En marge de sa visite au palais royal de Turin, accompagné de ses enfants, l’héritier au trône d’Italie, le prince Aymone de Savoie-Aoste a accordé une interview* surprenante au journal bien connu du Corriere della Sera. Né en 1967, cousin direct du prince Jean d’Orléans, comte de Paris, il a épousé la princesse Olga de Grèce avec qui il a eu 3 enfants, Umberto (10 ans), Amedeo (8 ans) et Isabella  (7 ans).

Il est soutenu dans ses droits au trône d’Italie par l’Union monarchique italienne qui compte 70 000 adhérents et qui a des élus à l’assemblée nationale. Selon un récent sondage, 15% des italiens se déclarent en faveur de la monarchie.

Créée en 1845, la maison d’Aoste a donné un roi à l’Espagne (Amédée Ier de 1870 à 1873), un vice –roi d’Ethiopie (Amédée de 1937 à 1941) et un roi de Croatie (Aymone de 1941 à 1943). Amédée III (né en 1943) est l’actuel duc de Savoie-Aoste, prétendant à la couronne royale d’Italie contre son cousin, le prince Victor-Emmanuel, petit-fils du roi Humbert II. Une querelle dynastique qui divise les monarchistes depuis 2006.

65Corriere : Quelle sorte d’éducation donnez-vous à vos enfants aujourd'hui ? 

Prince Aymone : Je leur apprends qu’il y’a une histoire de famille avec des principes à respecter. Je ne leur cache pas qu’ils devront trouver du travail plus tard. Nous avons peu de ressources pour vivre et, même si nous en avions plus que de raison, un prince ne doit  pas s’arrêter de travailler  pour autant au motif qu’il est privilégié par son rang et sa fortune. 


 

Corriere : Vous travaillez en Russie depuis que vous avez quitté vos fonctions au sein de la société Rinascente de Milan ?

Prince Aymone : J’ai effectivement passé une partie de ma vie à Milan. D’abord comme étudiant à l’université de Bocconi [spécialisée dans les sciences économiques, la finance, les sciences politiques, le management, l'administration publique et le droit-ndlr], puis j'ai fait un stage à la maison de Couture Rinascente  Mon fils Umberto, lui-même a également fait un d'école à Milan, à San Carlo. J’ai ensuite déménagé à Moscou dans les années 1990  après un passage à la JP Morgan de Londres.

Corriere : Travailler en Russie est-il vraiment si dangereux ? 

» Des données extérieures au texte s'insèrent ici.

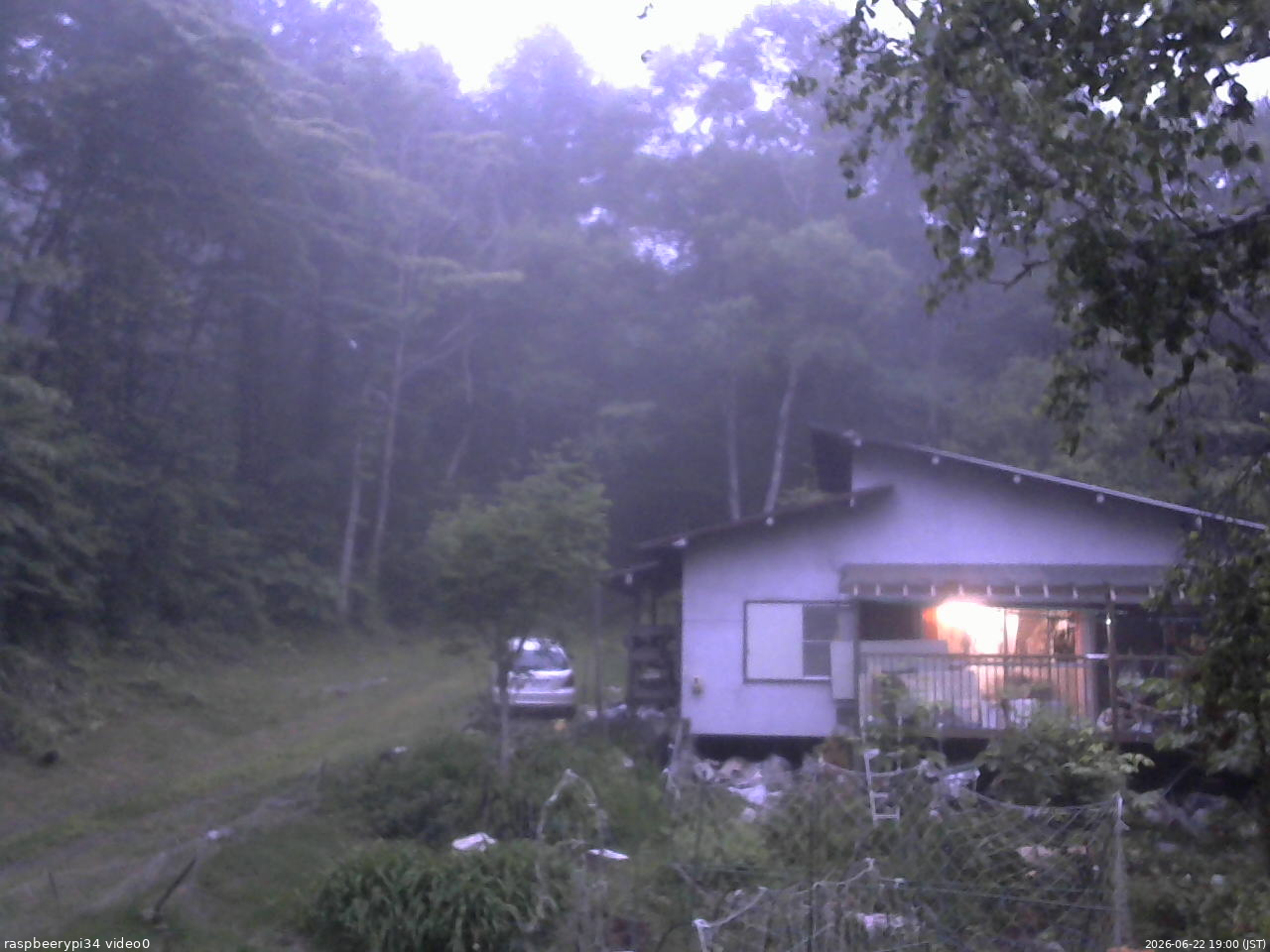 長野県菅平高原 ゆたか山荘 西側(坂上) 2026/06/22 19:00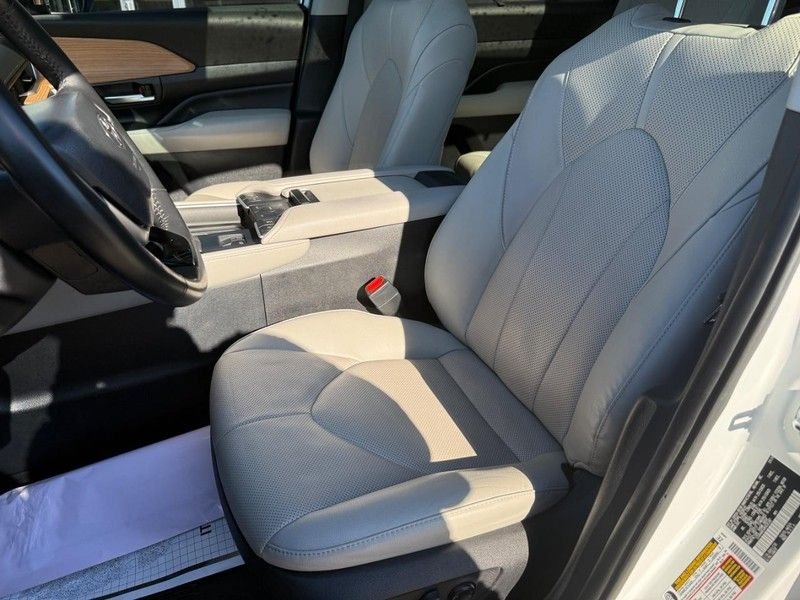 Used 2024 Pearl Toyota Limited image 17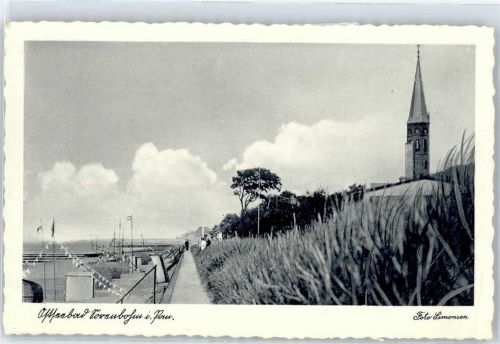 Sorenbohm Blick zur Kirche und Strand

Prince Aymone : Oui, c’est un véritable un Far West ! J'ai connu des entrepreneurs assassinés pour rien. Il faut dire que c’est aussi stressant qu’intéressant. Papa ne voulait pas me laisser partir à l’époque. Maintenant, je crois qu’il m’a pardonné mon déménagement en  Russie.
 

Corriere : Aujourd'hui, vous êtes à la tête de Pirelli Tyres en Russie dont la zone d’action couvre toute l'ancienne zone soviétique et les pays nordiques: soit 3 500 personnes sous votre direction et deux usines.  Ne souhaitez –vous pas revenir ?

Prince Aymone : Je suis retourné deux fois en Italie, mais mon destin professionnel est évidemment à Moscou. 
 

Corriere : Et comment expliquez-vous le succès du (Président) Poutine (qui lui a décerné l'Ordre de l'amitié en 2018-ndlr)? Mais aussi la crainte de l'Union européenne de le voir de s'immiscer dans les élections européennes.


98Prince Aymone : Lorsqu’il a succédé au président (Boris) Eltsine,  (Vladimir) Poutine a présenté sa vision politique d’un pays qui reste complexe par nature. Il y a tant à faire pour tout changer. Il faut reconnaître que les Russes sont des entrepreneurs qui restent qualifiés, mais moins bons en affaires. Il est dans l’intérêt des Italiens, avec des entrepreneurs comme  Pirelli, Agnelli ou Olivetti, de travailler avec Moscou. 

De quelle ingérence parlons-nous d’ailleurs ? Le ministre des Affaires étrangères, Sergueï Lavrov, a clarifié ses accusations de cette manière: « Si Moscou est considérée comme une puissance internationale, comment peut-elle  donc s’immiscer dans les États-Unis ou de l'Europe ? ».

Corriere : Le mystère des derniers Romanov a été résolu avec l’ADN du prince Philipp, époux d’Elizabeth II. Que pensez-vous de cette évolution de l’histoire ?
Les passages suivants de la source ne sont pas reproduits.